Еще один общий сюжет — издевательство сильного над потерявшим силу — В.Б. Катаев выделяет в рассказах «Новый год»24 Лейкина и «Торжество победителя» Чехова.
В обоих рассказах герой, добившийся положения в обществе и богатства, издевается над когда-то тоже успешным, но теперь потерявшим влияние человеком. Совпадают даже способы издевательства: съесть или выпить что-то несъедобное, изобразить нечто унизительное. В обоих рассказах появляется тема младшего по статусу человека, которого заставляют сделать что-то приятное для богача: разорившийся купец заставляет сына прочитать стишок (в рассказе «Новый год» 1879 года появляется такой же мальчик, со слезами на глазах читающий поздравительные стихи), в «Торжестве победителя» уже взрослый сын одного из сотрудников с радостью скачет вокруг стола и кукарекает, предвкушая получение новой должности в награду.

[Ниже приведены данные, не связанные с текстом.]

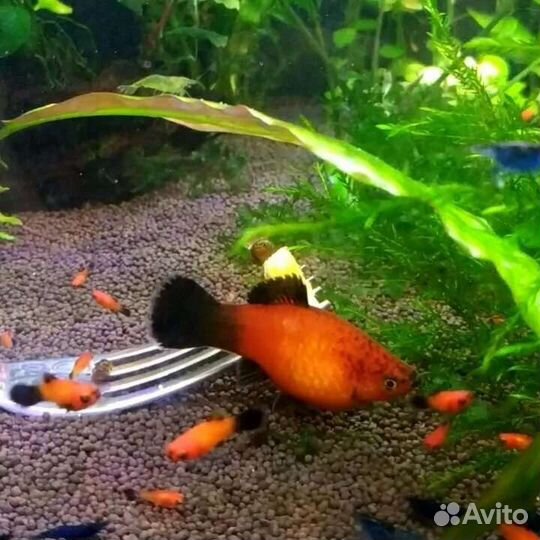 Аквариумные рыбки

Оба рассказа соотносятся с календарным циклом. О «святочной продукции», весьма многочисленной у Лейкина, Е.В. Душечкина пишет: «Скука, ложь и алчность царят здесь и заражают собой всех окружающих — слуг, гостей, детей»25. Купец, добившийся высокого положения и потому презирающий всех остальных, — постоянный герой лейкинских рассказов.
Чехов делает главными героями не купцов, а чиновников и добавляет мотив личной мести: Козулин издевается над Курицыным так же, как тот раньше издевался над ним, хотя и другим младшими по чину он приказывает его забавлять. В первой «осколочной» редакции страдания молодого Козулина были усилены — его мать умирала от гнева Курицына (как Башмачкин в «Шинели»), Курицын забирал у него невесту Оленьку (мотив, распространенный в малой прессе в целом, ср., например, рассказ Чехова «Дурак»), фамилия начальника также была более комичной — Куроцапов.
Чехов соединяет образ купца-самодура и «значительного лица», причем сообщает читателю несколько моментов из биографии героя, объясняющие истоки его поведения. Классическая тема «маленького человека» получает новый оборот: «Башмачкин»-Козулин сам становится «значительным лицом» и мстит, замечая о превратностях судьбы: «Все бывает, ну и всякие перемены бывают». Зеркальность положений бывшего начальника и подчиненного отражается и в деталях: «Старичок мигал утомленными глазками и с отвращением курил сигару. Обыкновенно он (Курицын) никогда не курит, но если начальство предлагает ему сигару, то он считает неприличным отказываться» (2, 69) — «Всякие угождения ему делал. Табак нюхать выучился! Н-да... А все для него... Нельзя, думаю, надо, чтоб табакерка при мне постоянно была на случай, ежели спросит» (2, 70). Чехов сознательно переделал старый сюжет, зная о заезженности темы бесправных мелких чиновников. Впоследствии он отмечал в письме брату Александру: «Нет, Саша, с угнетенными чиношами пора сдать в архив и гонимых корреспондентов... Реальнее теперь изображать коллежских регистраторов, не дающих жить их п<ревосходительст>вам, и корреспондентов, отравляющих чужие существования...» (П 1, 178).
Главное изменение, внесенное Чеховым в лейкинский сюжет — это появление героя-рассказчика, который рад унижаться ради должности. Учитывая этот образ, название рассказа можно трактовать двояко: торжество Козулина над Курициным и торжество рассказчика, уверенного в получении новой должности.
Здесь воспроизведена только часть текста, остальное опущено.